*Required action:*
Look in the listing below for the line that has "Slide: The Image", then return it and each following line up to and including the one with "Open living area", exactly and without pictures.

*Recorded data:*
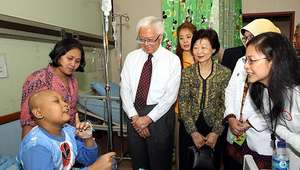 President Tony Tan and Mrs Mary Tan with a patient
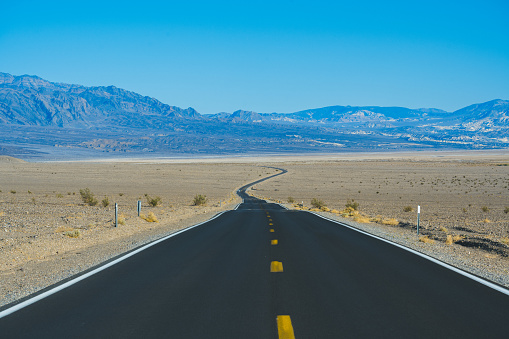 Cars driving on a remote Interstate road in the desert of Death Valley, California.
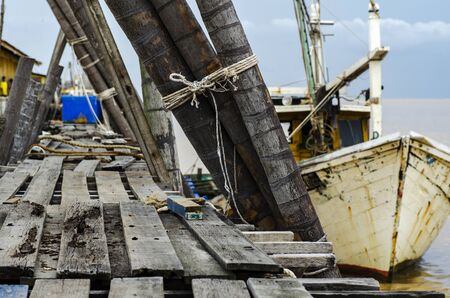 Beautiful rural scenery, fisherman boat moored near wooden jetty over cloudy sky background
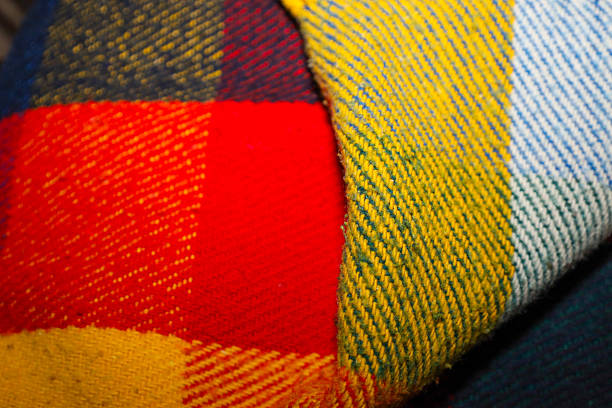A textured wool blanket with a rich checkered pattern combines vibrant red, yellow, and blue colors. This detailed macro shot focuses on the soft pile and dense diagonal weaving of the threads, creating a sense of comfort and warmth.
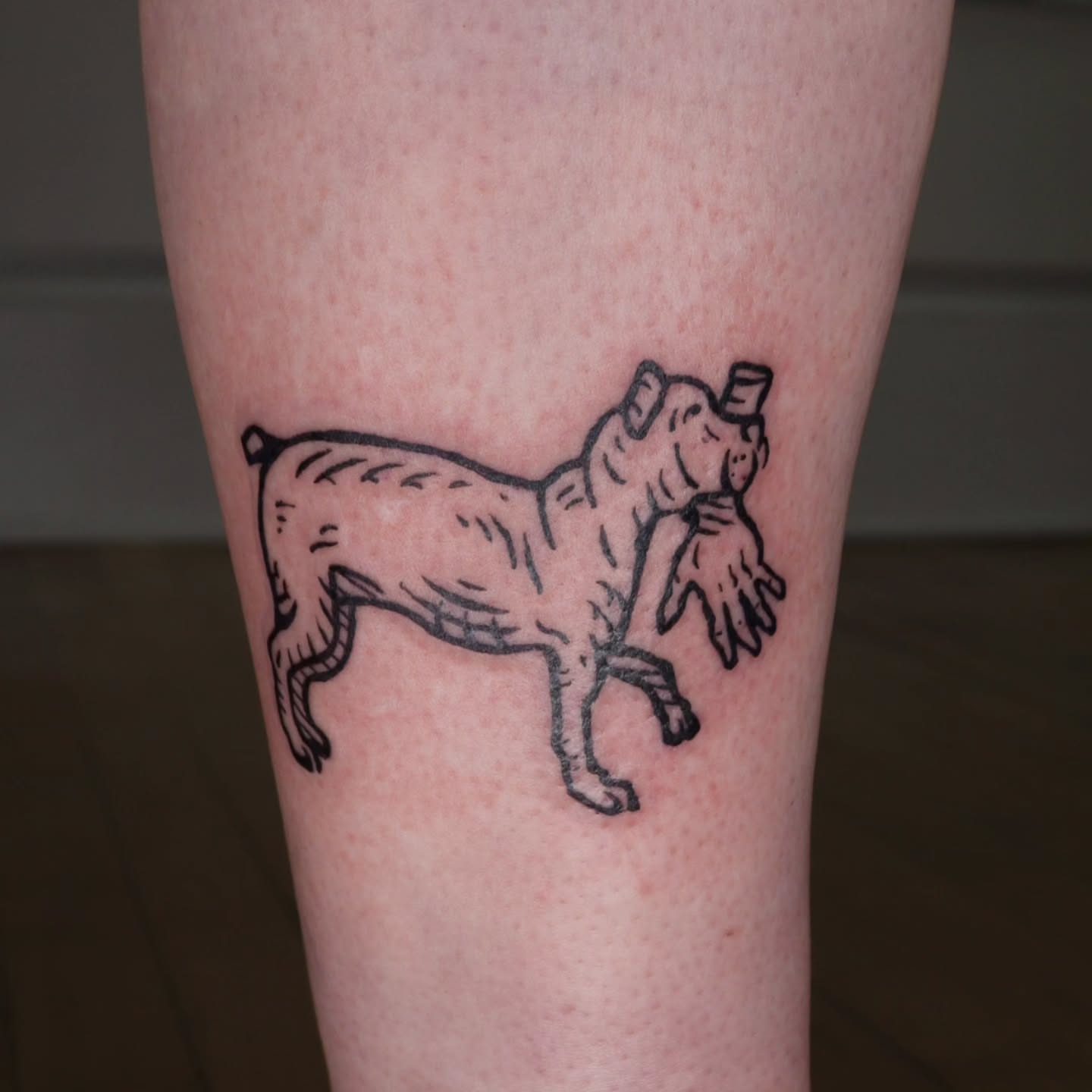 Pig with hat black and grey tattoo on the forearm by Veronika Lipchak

...

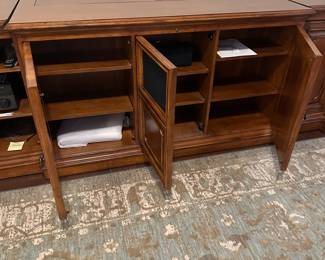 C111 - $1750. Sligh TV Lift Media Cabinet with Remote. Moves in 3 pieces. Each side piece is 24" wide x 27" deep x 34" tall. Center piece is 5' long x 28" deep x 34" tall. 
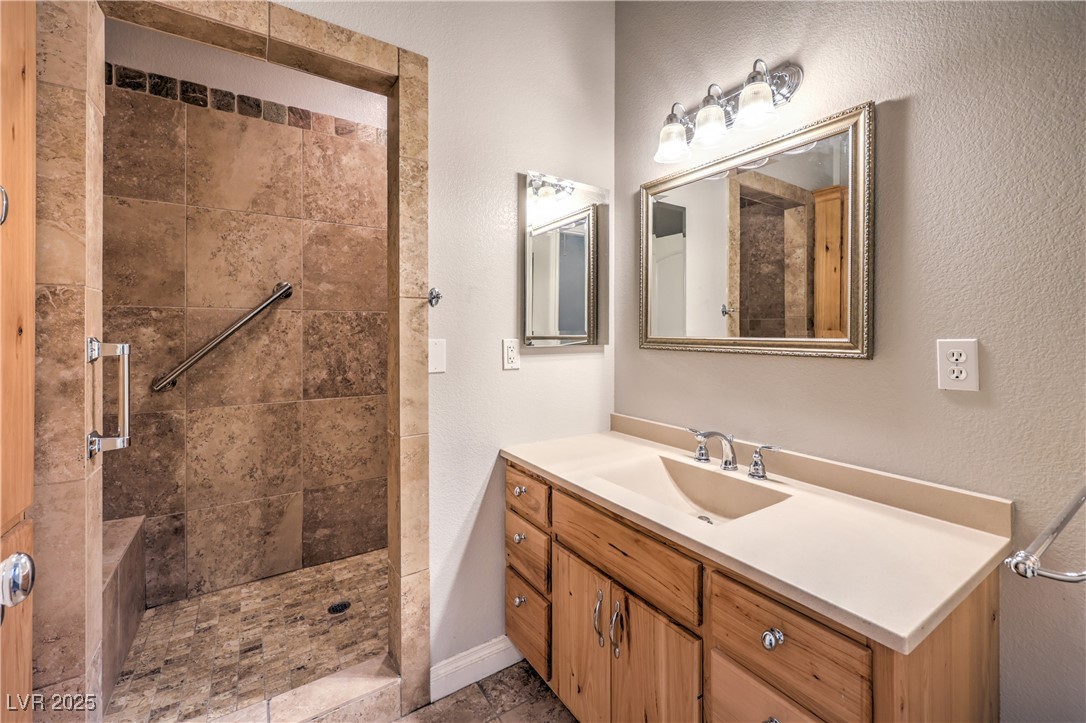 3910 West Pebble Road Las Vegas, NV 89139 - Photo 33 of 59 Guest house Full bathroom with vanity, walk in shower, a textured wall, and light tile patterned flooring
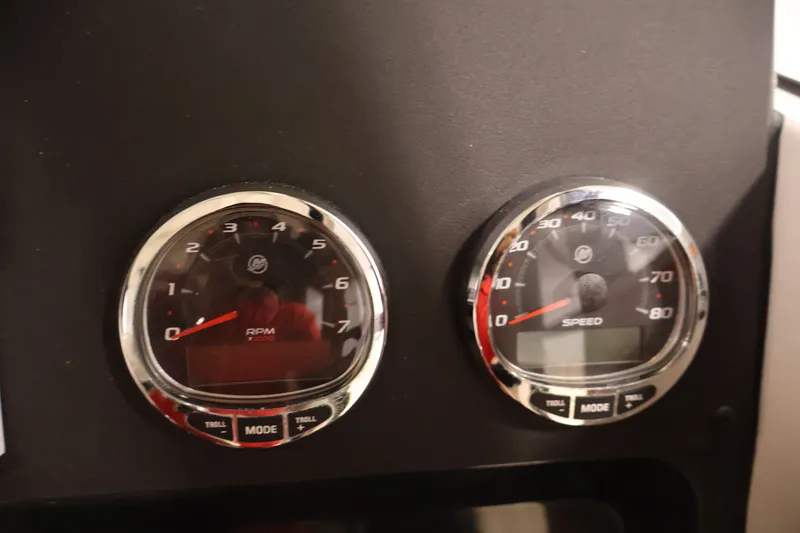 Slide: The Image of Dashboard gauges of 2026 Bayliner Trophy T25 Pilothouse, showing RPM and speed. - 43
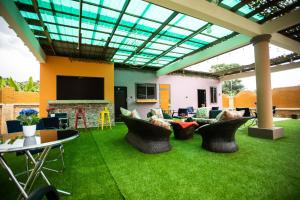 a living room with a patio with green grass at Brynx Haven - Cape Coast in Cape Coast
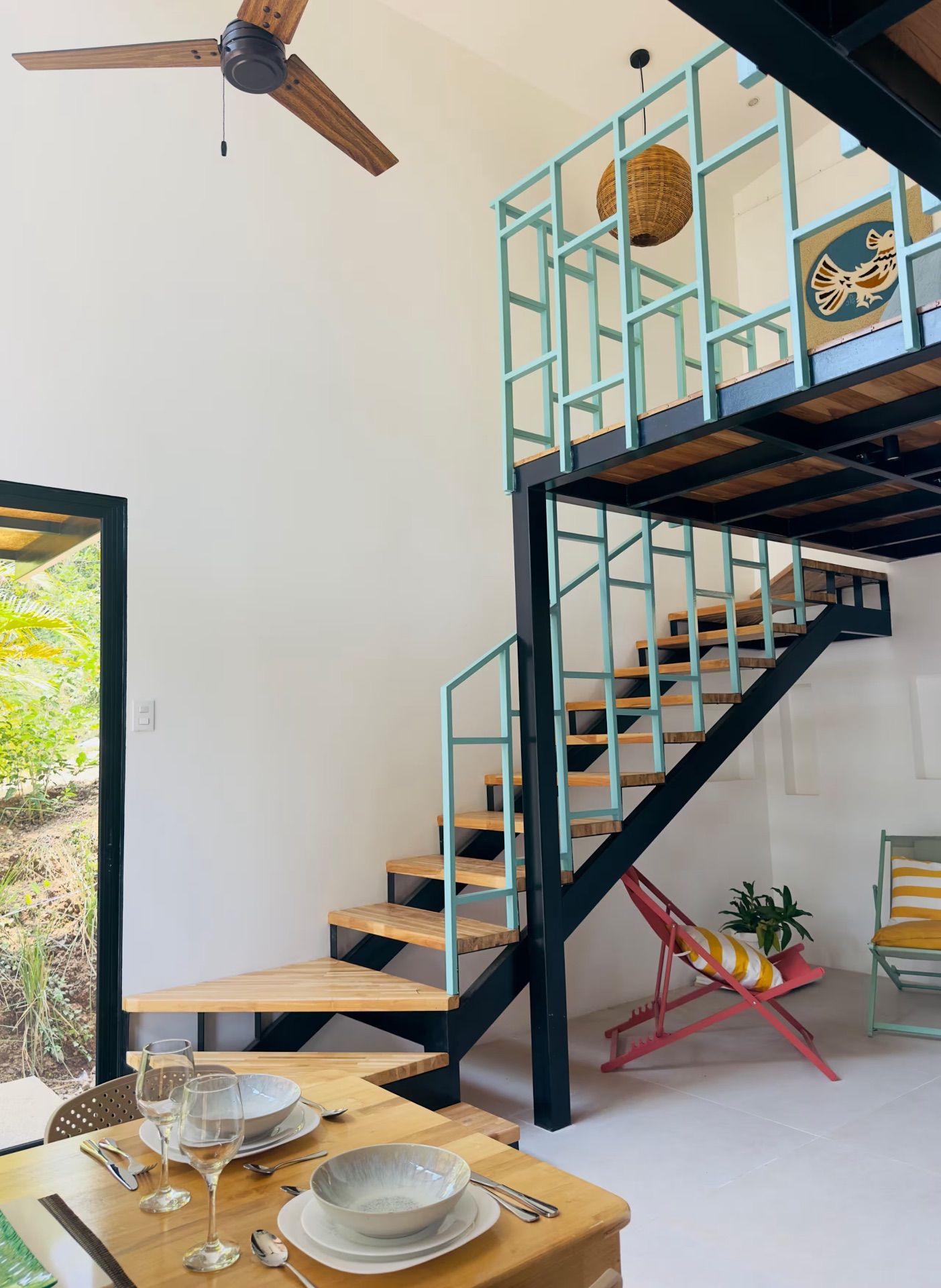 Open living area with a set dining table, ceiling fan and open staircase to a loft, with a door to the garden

---

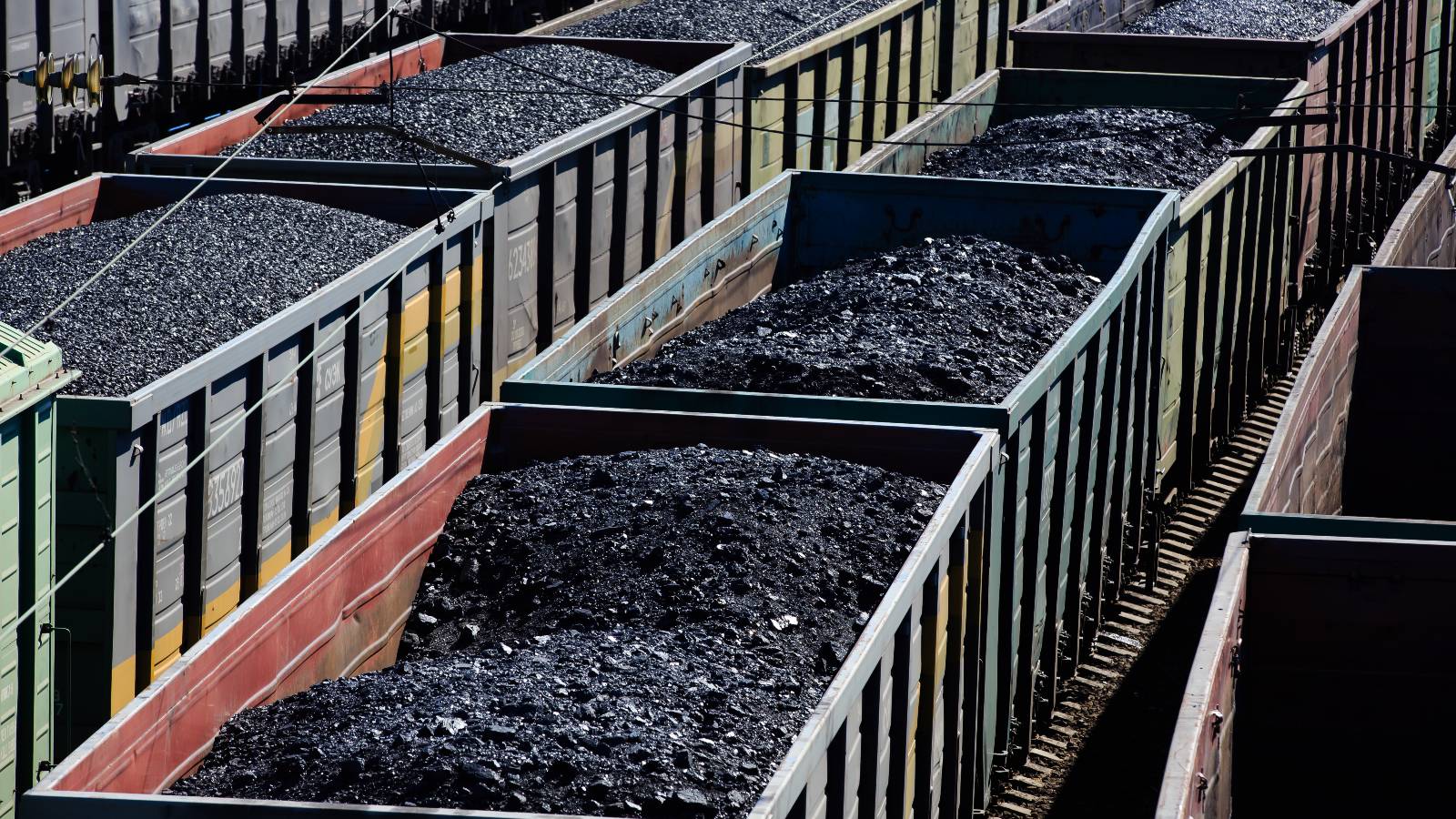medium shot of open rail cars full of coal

*Response to this exercise:*
 Slide: The Image of Dashboard gauges of 2026 Bayliner Trophy T25 Pilothouse, showing RPM and speed. - 43
 a living room with a patio with green grass at Brynx Haven - Cape Coast in Cape Coast
 Open living area with a set dining table, ceiling fan and open staircase to a loft, with a door to the garden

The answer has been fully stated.